→ **Exercise goal**:
The reply to the records below should contain exactly the lines from the line with "2013 DODGE JOURNEY" through the line with "Set of 2 Football", and nothing besides.

"""

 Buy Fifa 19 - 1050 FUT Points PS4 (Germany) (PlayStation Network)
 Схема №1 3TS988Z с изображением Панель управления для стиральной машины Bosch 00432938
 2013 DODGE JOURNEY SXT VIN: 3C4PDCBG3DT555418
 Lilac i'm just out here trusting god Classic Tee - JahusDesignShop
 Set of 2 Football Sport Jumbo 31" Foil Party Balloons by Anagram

"""
"""

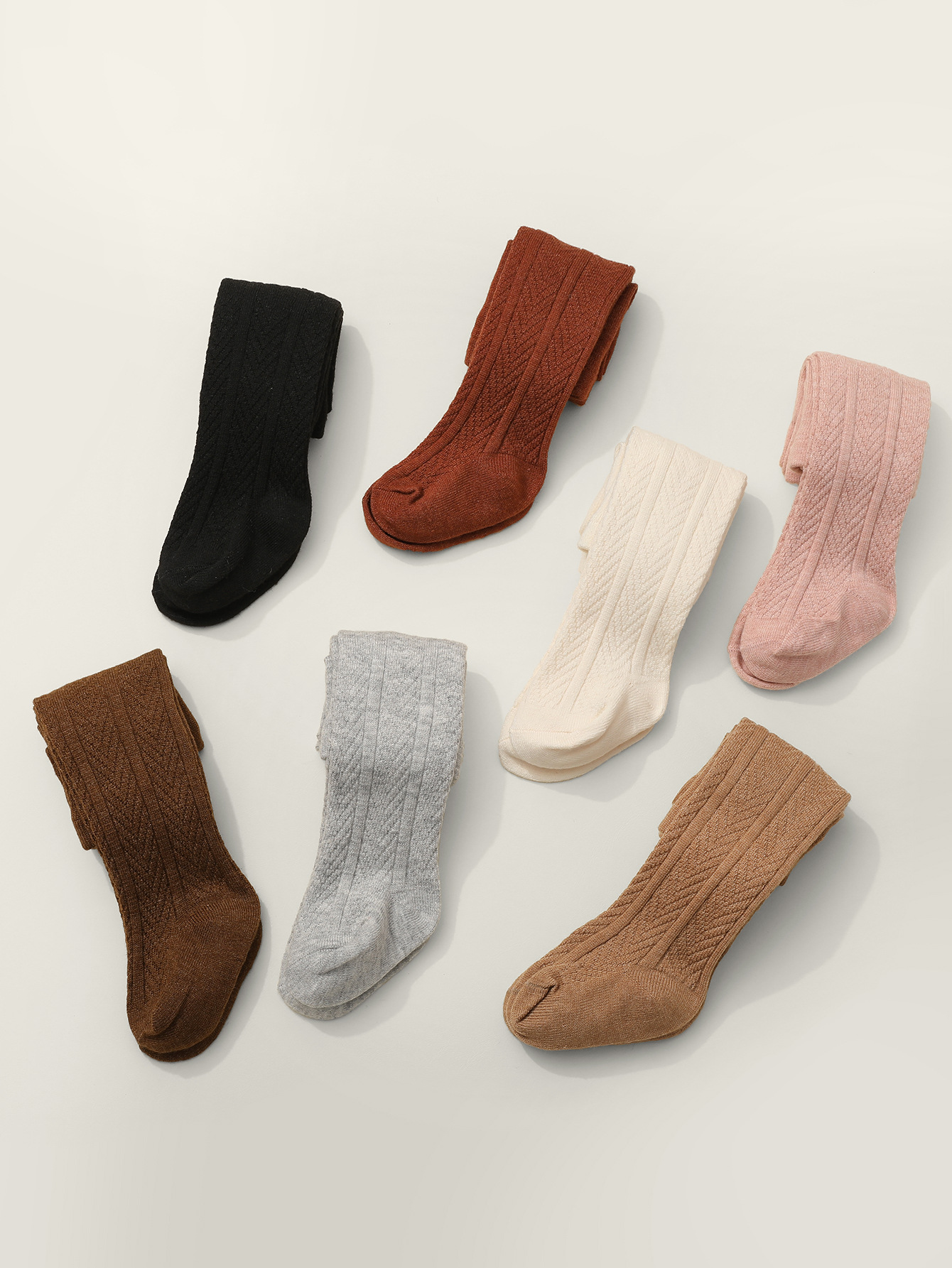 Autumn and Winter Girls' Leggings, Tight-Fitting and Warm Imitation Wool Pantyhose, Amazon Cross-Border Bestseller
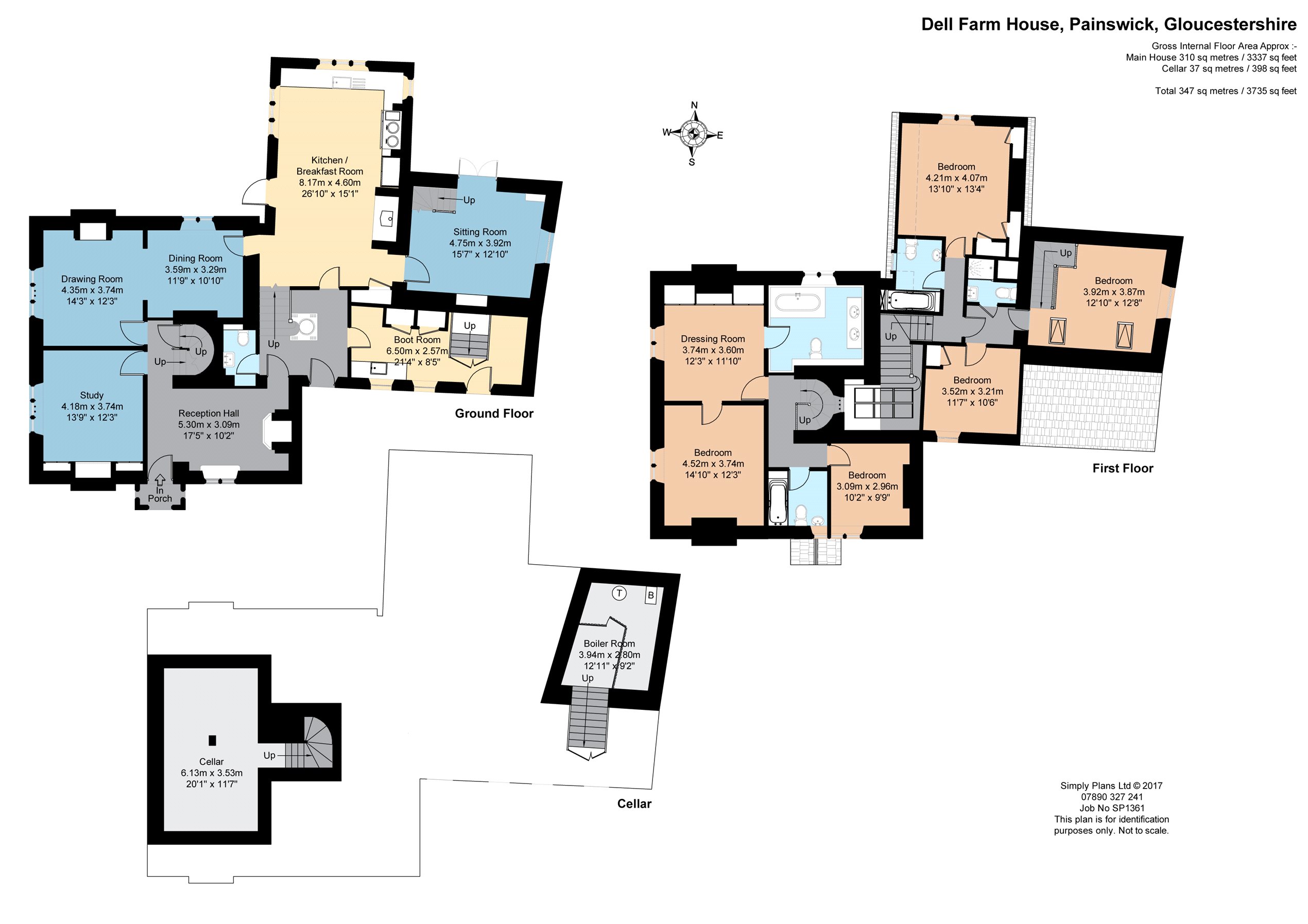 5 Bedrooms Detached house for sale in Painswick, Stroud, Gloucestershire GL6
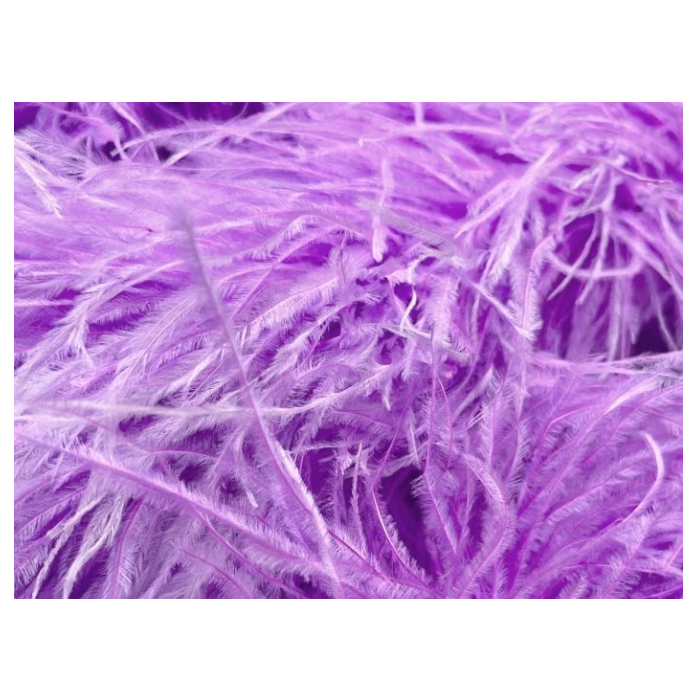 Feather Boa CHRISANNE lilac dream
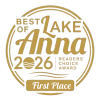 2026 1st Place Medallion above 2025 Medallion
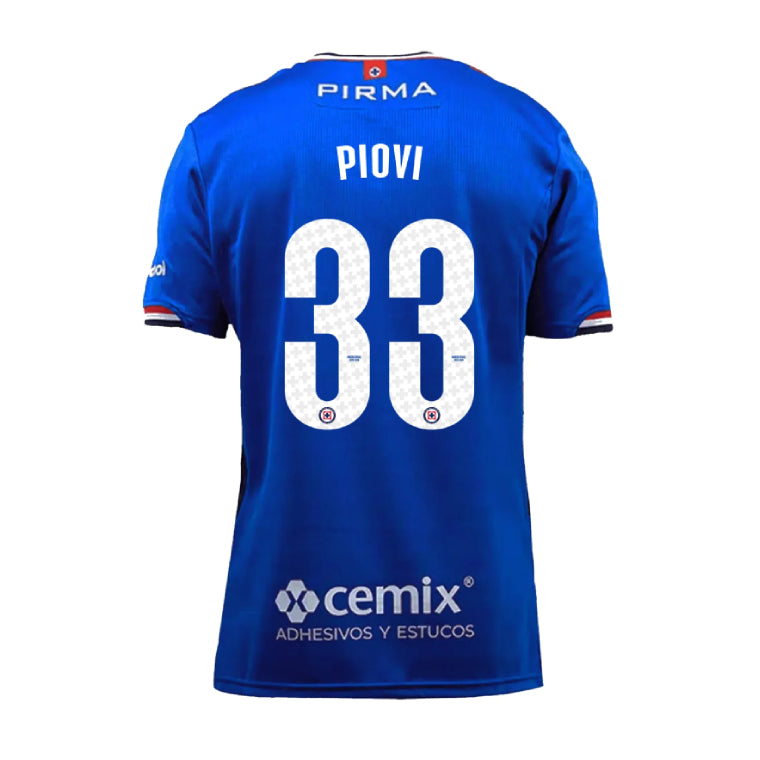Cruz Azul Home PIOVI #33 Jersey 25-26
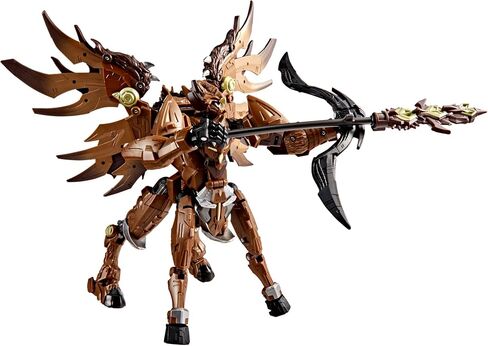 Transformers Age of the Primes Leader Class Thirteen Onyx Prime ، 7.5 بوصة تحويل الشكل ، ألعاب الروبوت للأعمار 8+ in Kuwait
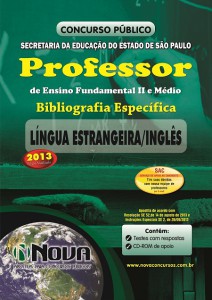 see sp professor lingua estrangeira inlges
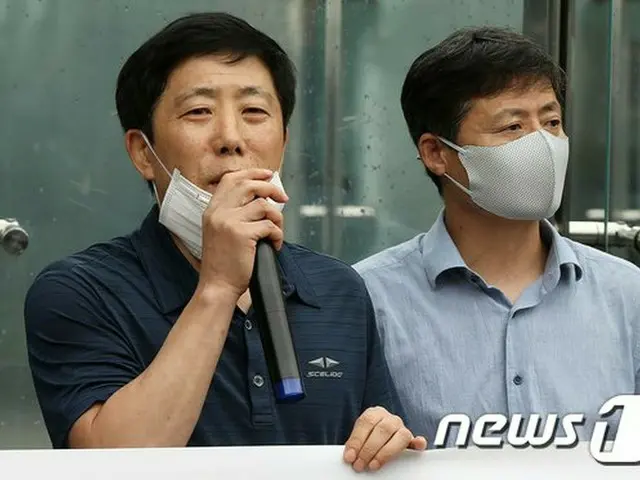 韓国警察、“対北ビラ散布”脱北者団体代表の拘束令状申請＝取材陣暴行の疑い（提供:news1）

"""

→ **Answer area**:
 2013 DODGE JOURNEY SXT VIN: 3C4PDCBG3DT555418
 Lilac i'm just out here trusting god Classic Tee - JahusDesignShop
 Set of 2 Football Sport Jumbo 31" Foil Party Balloons by Anagram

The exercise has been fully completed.